People Over Politics: Rolling Blackouts and Refugees
Note: I wrote this a few years ago for my blog, but now I’m adding it to Medium for a wider audience.
A few months ago, for one of my English classes, we dove into the murky waters of refugees, examining the motive behind closing off borders and the way in which that fits or doesn’t fit American ideals (hint: I don’t think it does). The conversation quickly became pretty heated, with most of my students arguing for letting in refugees against a few very vocal opponents. I’m not going to unearth every part of that conversation, but I do want to dust off the jewel offered by one of my students who is Muslim and has family friends that are refugees — one of those family friends had her family killed by ISIS, a long cry from being an ISIS member herself.
Throughout the course of the conversation, she focused on the idea that a conversation like this quickly unfurls into abstract language, and in doing so, we lose the thread that a conversation like this should focus on: people. We should be seeing faces instead of statistics, hearts instead of hatred. Perhaps not surprisingly, my students who were against refugees sidestepped this question and continued to talk in generalizations, arguing in abstractions loosely connected with reality.
And perhaps this is the very reason that a graphic novel like Rolling Blackouts exists, a non-fiction graphic novel that follows Sarah Glidden as she journeys with journalists to Turkey, Iraq and Syria to examine refugee life. Yes, it discusses refugees who fled Iran after the US invaded (running to countries like Syria and Turkey) not refugees fleeing Syria. But, the core of the book — its attempts to anchor this abstract issue with real people and stories; its examination of what journalism is and what the responsibility of journalists should be; its insight into the impact this war had on US soldiers — all of those are not only still relevant, but even more relevant than they were in the time period this non-fiction graphic novel covers. But no matter how relevant a text is, people will throw it aside if it’s not any good. Fortunately, that’s not the case: Glidden has a subtle, yet effective, sense of structure, of how much detail to include in a panel (her cartooning style is simple, warm and enormously effective), of how much exposition to give so it informs rather than weighs down the story.
The graphic novel expertly shows that refugees are people, but that doesn’t mean it glorifies them to sainthood. No, it means that it shows them with their hopes and fears, their successes and failures.
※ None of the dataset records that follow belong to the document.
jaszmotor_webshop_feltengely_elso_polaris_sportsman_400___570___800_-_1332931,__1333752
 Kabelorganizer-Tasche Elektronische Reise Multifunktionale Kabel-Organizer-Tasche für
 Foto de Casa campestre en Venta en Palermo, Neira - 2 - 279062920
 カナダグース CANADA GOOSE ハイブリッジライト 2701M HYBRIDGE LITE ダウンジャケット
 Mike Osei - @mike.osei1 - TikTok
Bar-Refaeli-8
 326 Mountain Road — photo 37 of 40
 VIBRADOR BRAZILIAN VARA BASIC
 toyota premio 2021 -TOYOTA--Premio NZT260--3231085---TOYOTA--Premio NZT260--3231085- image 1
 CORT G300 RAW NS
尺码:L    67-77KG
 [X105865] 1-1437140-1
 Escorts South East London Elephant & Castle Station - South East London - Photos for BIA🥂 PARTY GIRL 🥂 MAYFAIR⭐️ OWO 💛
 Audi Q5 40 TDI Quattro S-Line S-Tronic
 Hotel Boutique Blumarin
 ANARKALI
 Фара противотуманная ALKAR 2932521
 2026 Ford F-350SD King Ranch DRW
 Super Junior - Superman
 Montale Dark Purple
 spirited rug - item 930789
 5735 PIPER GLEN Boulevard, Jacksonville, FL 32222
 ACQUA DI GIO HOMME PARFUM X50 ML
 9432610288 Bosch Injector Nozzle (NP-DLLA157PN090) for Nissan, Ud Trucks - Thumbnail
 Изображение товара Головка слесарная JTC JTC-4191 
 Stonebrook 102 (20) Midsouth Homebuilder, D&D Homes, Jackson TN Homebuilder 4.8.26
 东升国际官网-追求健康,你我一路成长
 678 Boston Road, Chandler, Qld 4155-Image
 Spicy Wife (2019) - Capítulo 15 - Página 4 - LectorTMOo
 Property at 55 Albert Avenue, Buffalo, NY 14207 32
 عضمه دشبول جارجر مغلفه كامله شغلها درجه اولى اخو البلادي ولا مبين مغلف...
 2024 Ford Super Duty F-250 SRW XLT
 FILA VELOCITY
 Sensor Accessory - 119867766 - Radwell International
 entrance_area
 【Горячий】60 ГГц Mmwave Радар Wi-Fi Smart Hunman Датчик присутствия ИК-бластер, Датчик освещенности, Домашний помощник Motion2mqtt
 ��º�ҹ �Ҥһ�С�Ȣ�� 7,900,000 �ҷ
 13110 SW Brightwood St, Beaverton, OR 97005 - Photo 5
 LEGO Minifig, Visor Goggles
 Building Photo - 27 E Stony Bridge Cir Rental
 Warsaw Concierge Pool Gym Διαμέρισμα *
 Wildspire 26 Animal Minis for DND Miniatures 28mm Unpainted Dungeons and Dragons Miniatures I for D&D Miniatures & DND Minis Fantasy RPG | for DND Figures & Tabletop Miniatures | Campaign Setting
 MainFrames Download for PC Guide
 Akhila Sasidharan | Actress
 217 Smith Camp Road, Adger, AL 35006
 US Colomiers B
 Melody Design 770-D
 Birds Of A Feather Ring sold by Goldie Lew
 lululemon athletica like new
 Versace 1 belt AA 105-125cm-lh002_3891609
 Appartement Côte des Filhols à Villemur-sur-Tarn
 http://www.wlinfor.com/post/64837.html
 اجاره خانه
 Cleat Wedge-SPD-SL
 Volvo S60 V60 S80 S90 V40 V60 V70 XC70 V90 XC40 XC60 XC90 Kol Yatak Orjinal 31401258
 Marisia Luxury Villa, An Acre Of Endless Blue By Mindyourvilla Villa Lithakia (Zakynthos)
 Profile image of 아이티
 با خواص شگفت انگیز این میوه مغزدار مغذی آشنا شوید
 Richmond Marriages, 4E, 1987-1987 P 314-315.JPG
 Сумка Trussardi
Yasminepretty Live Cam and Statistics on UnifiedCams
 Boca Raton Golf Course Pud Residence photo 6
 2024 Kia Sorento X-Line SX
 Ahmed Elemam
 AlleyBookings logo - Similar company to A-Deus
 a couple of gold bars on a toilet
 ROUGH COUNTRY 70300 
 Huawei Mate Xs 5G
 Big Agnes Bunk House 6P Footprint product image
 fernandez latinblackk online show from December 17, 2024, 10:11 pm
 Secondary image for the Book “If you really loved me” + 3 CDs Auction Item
For example, we visit with refugees who were formerly middle class, mainly concerned about their children’s ability to go to college and live a better life. That’s not too far from the American Dream, but then again, the US doesn’t hold a monopoly on the idea that children should become more successful than their parents. At the same time, we see refugees who harbor a lot of hatred towards the American government, although this hatred that doesn’t prevent them from dealing with Americans kindly, realizing they don’t can’t treat a person as a generalized group…if only we had the same compassion and curiosity.
If this piece of graphic journalism only concerned itself with removing the blinders that prevent people from truly seeing refugees as people, it would be a powerful work of art. But Glidden doesn’t stop there. As in the real-world, one topic can’t be separated completely from the rest: each person and event is connected by silken strands to others in the web. And it’s almost impossible to talk about refugees without talking about the role of media in their story and the role that US soldiers played in their exile. Although Glidden is not a journalist by trade, she reports these scenes with so much objectivity and emphasis on relevance that one could almost believe she is working from the same cook book that journalists use. Glidden knows how to balance ingredients so that one taste doesn’t overpower. She knows how to make them gel into something greater than the individual parts, much like a cake is greater than an egg or butter.
And this journalistic instinct also serves her well when turning to the subject of journalism itself. Glidden focuses on the controversial parts of journalism — the commercialization of it as industry, the need to keep audience reaction in mind when shaping a story, the at-times naive ambitions that let journalists see themselves as an authority on objective reality. These snapshots of the challenges of journalism combine with the images of journalists acting nobly to create a collage that dazzles in its complexity.
The final piece Glidden adds to this story also creates further complexity. A US soldier who had tours in Iraq is along for the ride, giving his perspective on these issues. While he spends most of the novel touting the company line, toward the end of the work, we start to see more nuance to those feelings. But that nuance doesn’t mean the soldier switches perspectives and denounces the war. Instead, it just means that his conflicting emotions are finally brought to light without any resolution, which is more realistic than the Hollywood ending the journalists themselves might have been hoping for.
With President Trump’s recent ban on refugees there has never been a better time to study this topic. And what better way to do that then with a graphic novel that is informative in its simplicity, thought-provoking in its complexity, and defiant in its belief in the human heart, whether that heart was born American or not.